Inflation decline to impact Bank rate

Anyone collecting—or administering—an indexed pension plan should be keeping tabs on the consumer price index (CPI), but the latest reading could also have an impact on investment decisions.

Statistics Canada said Friday that the CPI rose at an annual pace of 2.7% in July, down from a 3.1% rate in June. That gives the Bank of Canada (BoC) room to keep interest rates at their exceptionally low levels.

July was the first time that inflation has been below a pace of 3% since February. TD Bank deputy chief economist Derek Burleton said the “inflation genie” appeared to remain tucked in the bottle.

“It will give the Bank of Canada some wiggle room to keep rates low during this period of global uncertainty,” Burleton said.

Not long ago, most economists were predicting the BoC would raise rates as early as September. But those forecasts came before the U.S. Federal Reserve announced it would maintain its extremely lax monetary policy until at least 2013.

“The thinking has shifted now to the fact that economic growth is probably going to slow, and the fact that core inflation is still below the Bank of Canada’s target [of 2%] means that inflation really isn’t a major risk at the moment.”

The core index, which is used by the BoC to help guide its decision on interest rates, gained 1.6% following a 1.3% gain in June. On a month-over-month basis, the core index was up 0.2% in July, in line with economist expectations.

“The BoC can only be pleased with these numbers,” commented Benoit Durocher, senior economist with Desjardins Financial Security. “Total inflation is down, so a return to the median target is likely within a few months, and core inflation is relatively stable. Given the net slowdown in economic growth we are seeing now, inflationary pressures are clearly fading. This gives the monetary authorities plenty of leeway for managing the country’s key interest rates.”

BoC governor Mark Carney told the House of Commons finance committee that the latest read on inflation was consistent with the central bank’s expectations.

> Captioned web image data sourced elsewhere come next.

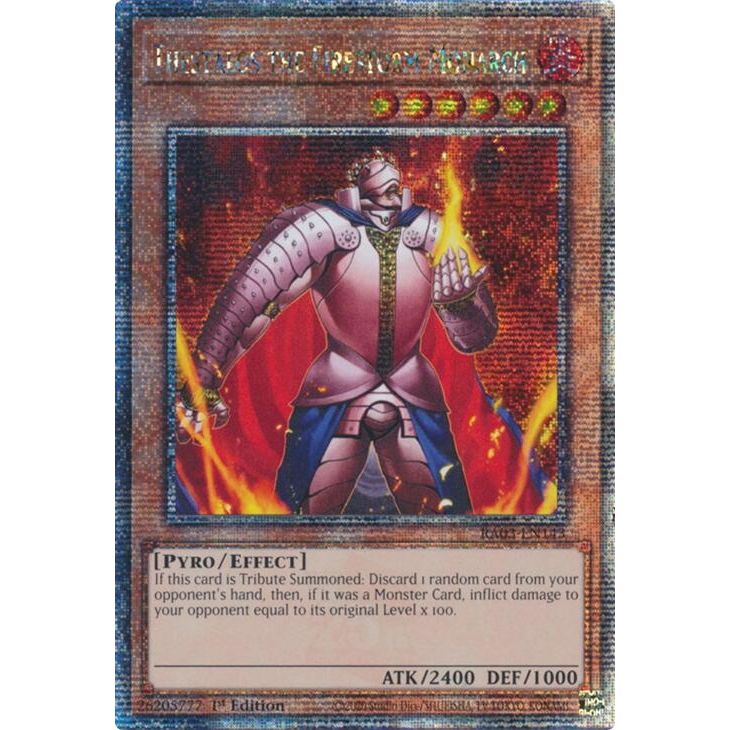 Image for Thestalos the Firestorm Monarch (Quarter Century Secret Rare) (RA03-EN143) - YuGiOh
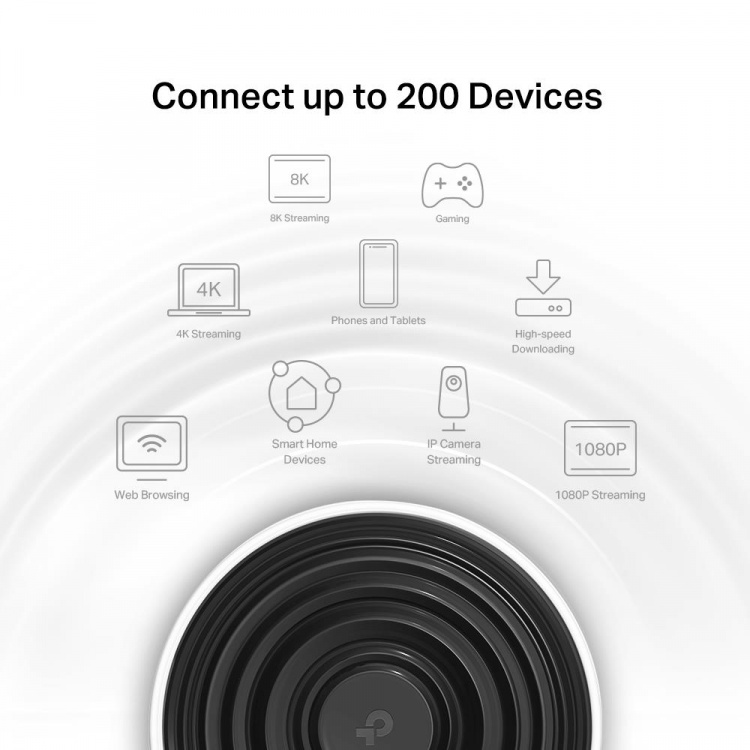 TP-Link Deco XE75 (3-pack) Wi-Fi 6E AXE5400 Wi-Fi-systeem voor het hele huis TP-Link Deco XE75 (3-pack) Wi-Fi 6E AXE5400 Wi-Fi-systeem voor het hele huis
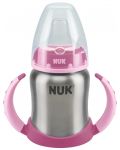 Ανοξείδωτο μπουκάλι Nuk First Choice, 150 ml, ροζ - 1t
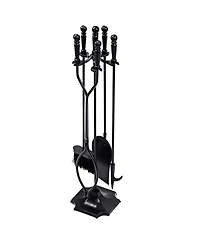 Sugift 31 inch 5 Pieces Metal Fireplace Tool Set with Stand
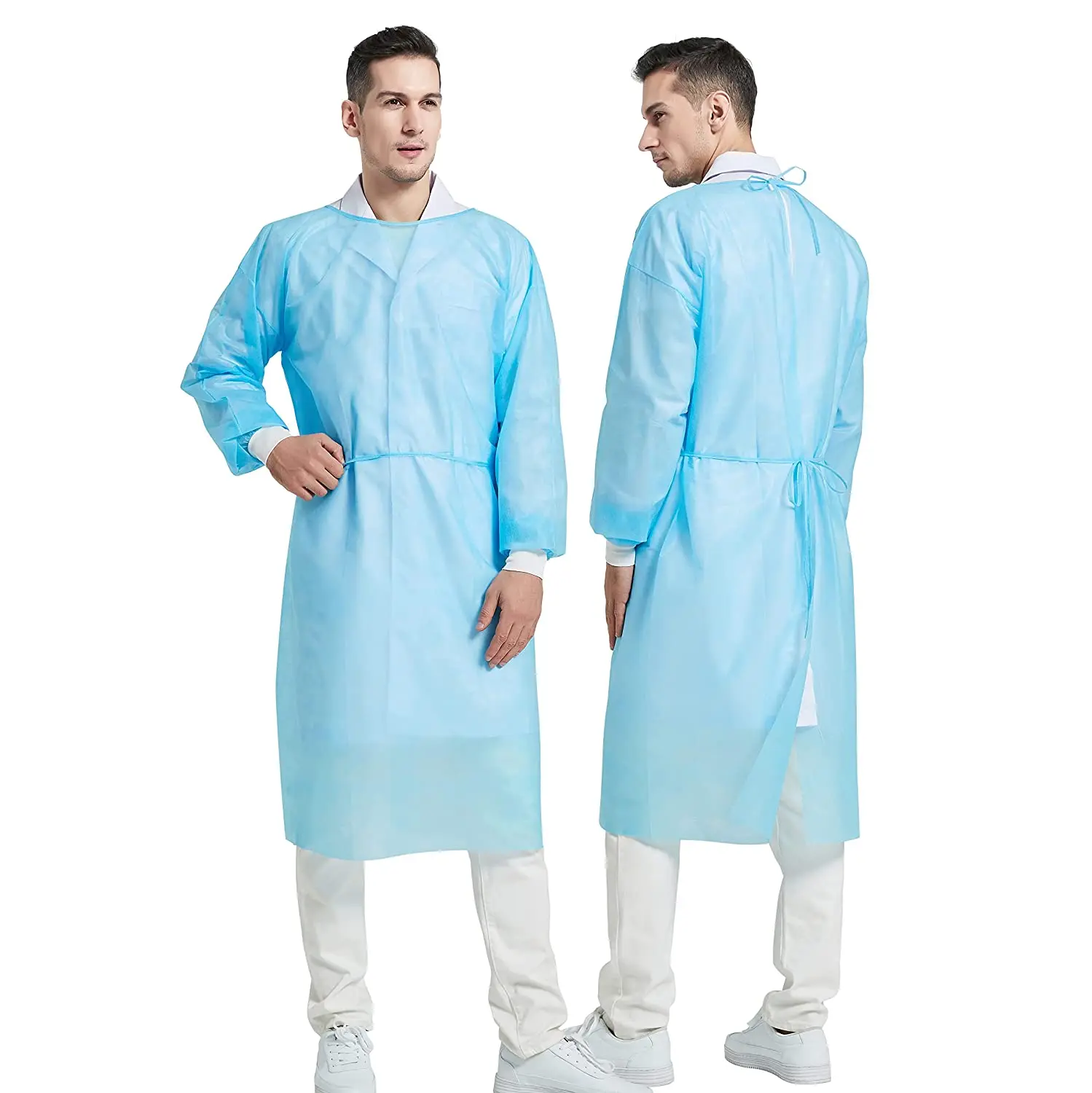Medical Dress Isolation Waterproof Suit Ppe Non Woven Medical Gown Kits Bata Quirurgica Autoclavable Garments Industrial Suit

Finance Minister Jim Flaherty and Carney testified before the committee on Friday following nearly two weeks of volatile trading on stock markets around the world due to fears of a sovereign debt crisis in Europe and worries that the U.S. may slip back into recession.

As the Canadian recovery has progressed, the central bank has emphasized that it would be prudent with respect to the possible withdrawal of any degree of monetary stimulus, Carney said.

“This is particularly important in the current environment of material external headwinds. To state the obvious, if the outlook for growth and inflation changes, the path for monetary policy will be affected accordingly,” he said.

BMO senior economist Sal Guatieri noted that the core rate appeared to be on track to fall short of the BoC’s estimate of 1.9% for the third quarter.

“While Canadian inflation has been more volatile than usual of late, core inflation looks to settle just below the 2% inflation target, providing an anchor for the headline rate to gravitate toward,” Guatieri wrote in a note to clients.

“The tame core reading will buy the Bank of Canada time to remain on the sidelines and is clearly no obstacle for rate cuts should global recession risks intensify.”